The New York State Teachers go a long way on the fossil fuel strategy


The pension system began examining the financial implications of investing in fossil fuels in March 2019, when members of the board’s investment committee met with a research manager from Goldman Sachs on how energy companies can adapt to climate change, and executives from S&P Dow Jones indices on low-carbon investment strategies, according to a timeline presented by the state Legislature’s board of directors.

Intensive efforts began in September 2020 when members of the investment committee met with environmentalists about fossil fuel divestitures and also with an executive from BlackRock Inc. about sustainable investing.

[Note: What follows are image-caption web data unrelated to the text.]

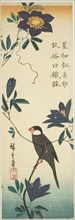 Java sparrow and clematis, 1830s, Utagawa Hiroshige ?? ??, Japanese, 1797-1858, Japan, Color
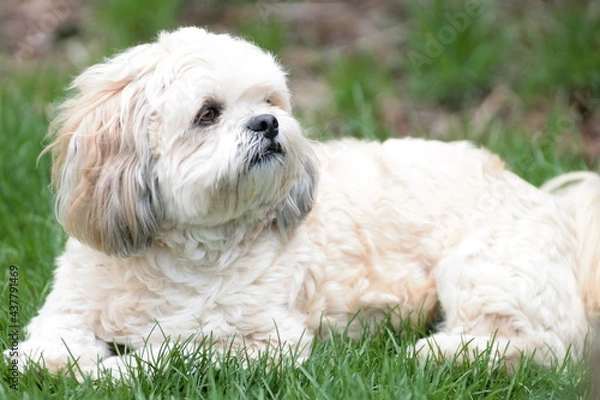 Obraz Lhasa Apso Laying in Grass Looking Up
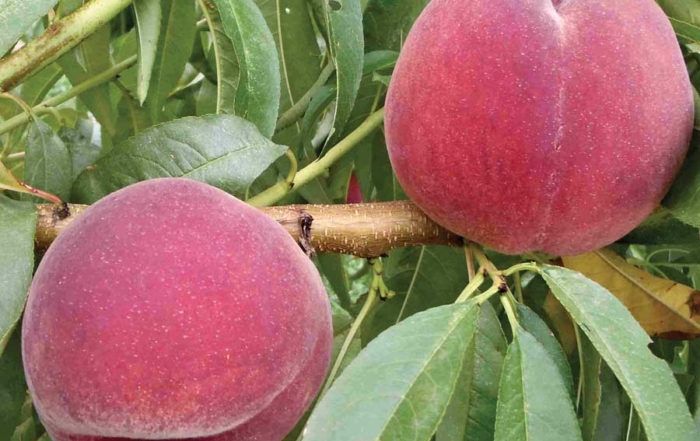This test variety ripens in the early midseason and is one of the new, red-skinned, yellow-fleshed peaches developed by Rutgers University’s fruit breeding program in Cream Ridge, New Jersey. (Courtesy Jerry Frecon)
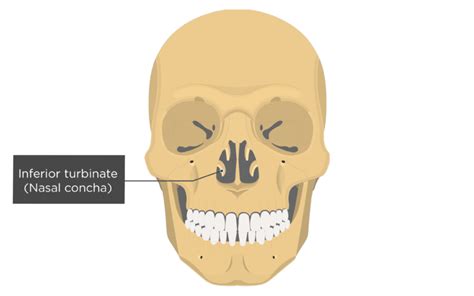Nasal Vomer And Inferior Turbinate Concha Bones Anatomy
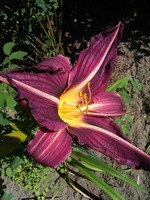 Photos Hemerocallis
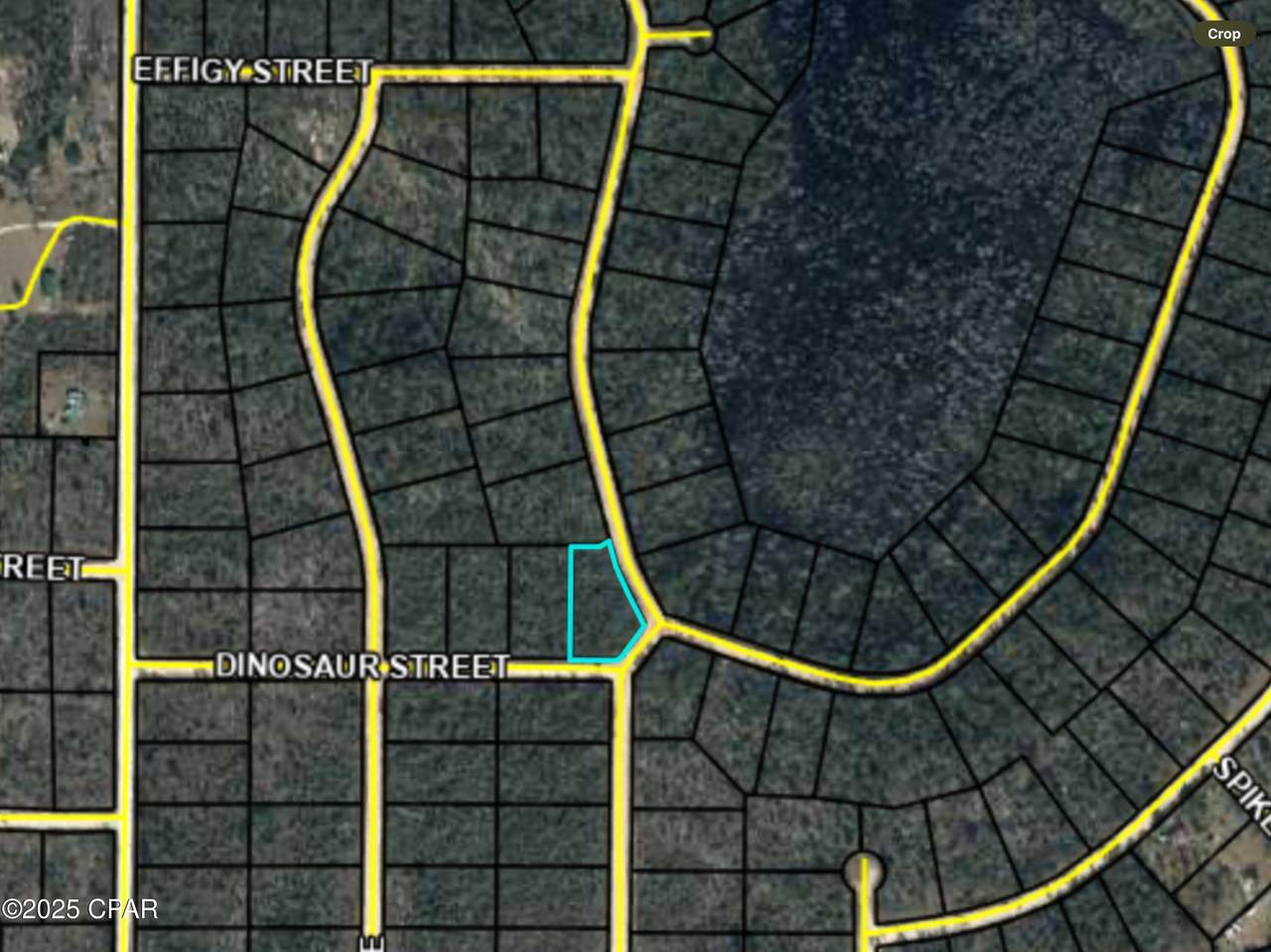 0000 Grand Quiviera Circle - Photo 1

Thereafter, members of the Board and/or its Investment Advisory Committee met almost monthly on the subject with corporate representatives including Mercer, its ESG Advisor; Reed Smith LLP, his fiduciary adviser; Callan LLC, its general investment adviser; and some of its wealth managers.

Topics discussed include: fossil fuel divestment; Proxy Voting Policies; ESG investment processes; the geopolitics of the energy transition; climate risk assessments; the integration of climate data into the investment process; and disclosure of sustainable investing.

Staff also consulted with state legislators who have introduced fossil fuel divestiture laws, and they discussed ESG investing with organizations like climate advocacy Ceres, which the pension system is a part of.

They also discussed the issues with officials at the $267.8 billion New York State Common Retirement Fund, Albany, and the $270.7 billion New York City Retirement System, which already have fossil fuel divestiture and divestment strategies have introduced.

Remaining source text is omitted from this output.